Nacido en 1930 en Nueva York, Immanuel Maurice Wallerstein falleció el pasado 31 de agosto. Historiador, sociólogo y economista, fue el fundador de una corriente de investigación que, recogiendo aportaciones como la procedente de la escuela de los Annales de Fernand Braudel o la teoría de la dependencia de la CEPAL, ejerció a partir de 1974 un notable impacto en las ciencias sociales, en el pensamiento crítico y en una creciente capa de activistas de los movimientos sociales.
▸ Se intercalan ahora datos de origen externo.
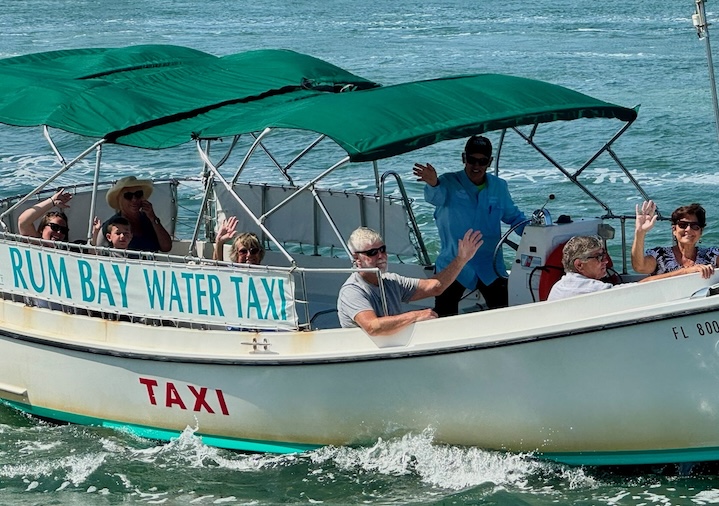 Passengers enjoying a ride on the Rum Bay Water Taxi heading towards Rum Bay Restaurant.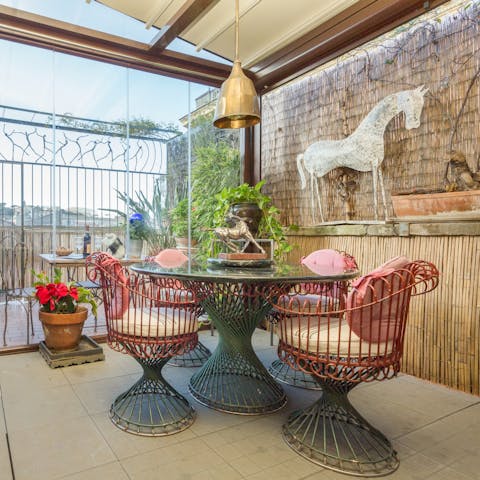 Enjoy views of Janiculum Hill as you dine alfresco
Estimulado por su propia experiencia en contacto con los movimientos anticoloniales (fue testigo directo, por ejemplo, de la proclamación del Estado independiente de Ghana en 1957), desarrolló su teoría del “sistema-mundo” en cuatro volúmenes, en los que comenzaba analizando la agricultura capitalista y los orígenes de la economía-mundo europea en el siglo XVI para concluir con las consecuencias de la Revolución Francesa y “el liberalismo centrista triunfante” hasta 1914.
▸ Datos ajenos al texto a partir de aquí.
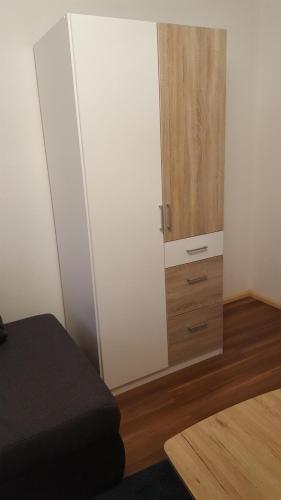 a bedroom with a white closet and a wooden cabinet at Bertel 1 in Wernigerode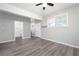 This bedroom boasts wood-look floors, neutral paint, a ceiling fan, and bright windows for a cozy feel at 3078 Alberta Dr, Marietta, GA 30062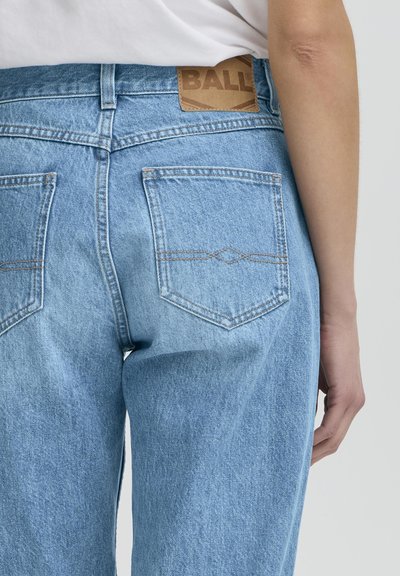 Jeans de mezclilla azul claro que cuentan con una etiqueta de cuero en la cinturilla etiquetada como "BALL" y dos bolsillos traseros con sutiles detalles de costura.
En El capitalismo histórico explicaba cuál había sido el propósito que guió esa enorme y enriquecedora contribución a la sociología histórica: “Lo que me parece urgente, la tarea a la que se ha consagrado en cierto sentido la totalidad de mi obra reciente, es ver el capitalismo como un sistema histórico, a lo largo de toda su historia y en su realidad concreta y única”. Su rechazo a limitarse al marco del Estado-nación y a la sociedad nacional, o a la separación formal entre política, economía, estructura social y cultura, le llevó a buscar un marco de interpretación que superara esos compartimentos estancos para poder “comprender el mundo en que vivimos”. Por eso se esforzó por analizar el sistema-mundo moderno como una economía-mundo capitalista “cuya combinación da cuenta de sus procesos, todos los cuales están interrelacionados entre sí”: el mercado, las empresas, los Estados, las unidades domésticas, las clases y los grupos de estatus. En ese marco general se conforma una “geocultura” en la que actúan distintas ideologías, movimientos sociales y ciencias sociales, y en donde se refleja la tensión entre universalismo, por un lado, y racismo (escribió, por cierto, con Etienne Balibar Raza, nación y clase) y sexismo, por otro.
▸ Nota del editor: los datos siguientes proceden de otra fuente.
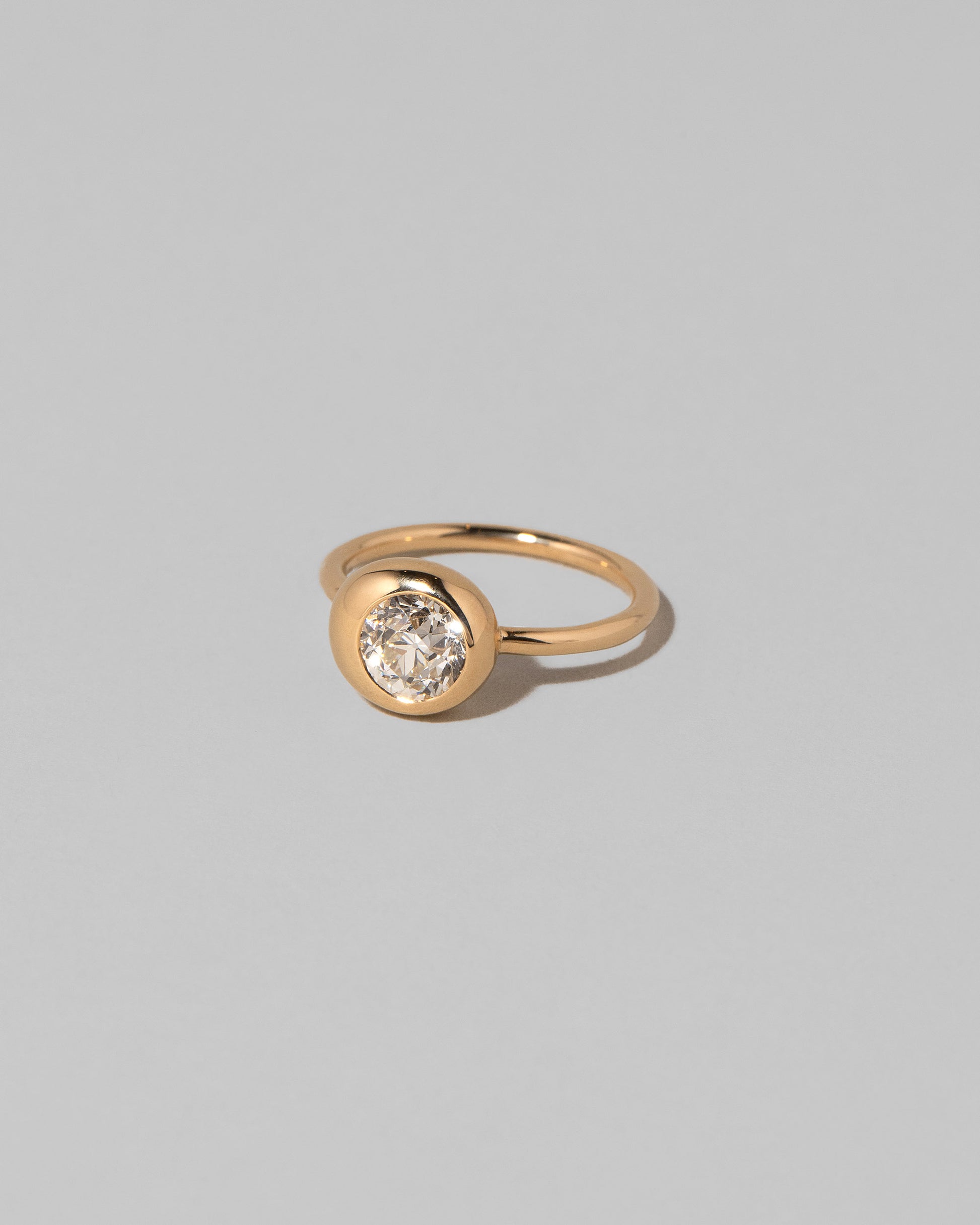 View of the Diamond Grand Level Ring on light color background.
Quizás en su Análisis del sistema-mundo se encuentre la más sintética explicación de los orígenes y las tesis principales que sustentan esta teoría, así como la respuesta a las críticas que recibió de otras corrientes, incluida la marxista. Justamente allí resaltaba cuáles eran para él “los tres puntos de inflexión importantes del sistema-mundo moderno”: el largo siglo XVI, la Revolución Francesa de 1789 y la revolución mundial de 1968. De esta última diría que, pese a su derrota política, “presagió la larga fase terminal del sistema-mundo moderno en que nos encontramos y que socavó la geocultura liberal centrista que mantenía al sistema-mundo unificado”.
Su rechazo al eurocentrismo fue otra de sus constantes a lo largo de su vida, lo que llevó a estudiar a pensadores como Frantz Fanon (en 2009 nos ofreció una reflexión interesante sobre los dilemas en torno a la violencia, la identidad y la lucha de clases que veía en su obra), o a dialogar y colaborar con otros como Aníbal Quijano, continuador de la obra de José Carlos Mariátegui en América Latina, asumiendo la crítica del “lado oscuro de la modernidad”, la colonialidad del poder.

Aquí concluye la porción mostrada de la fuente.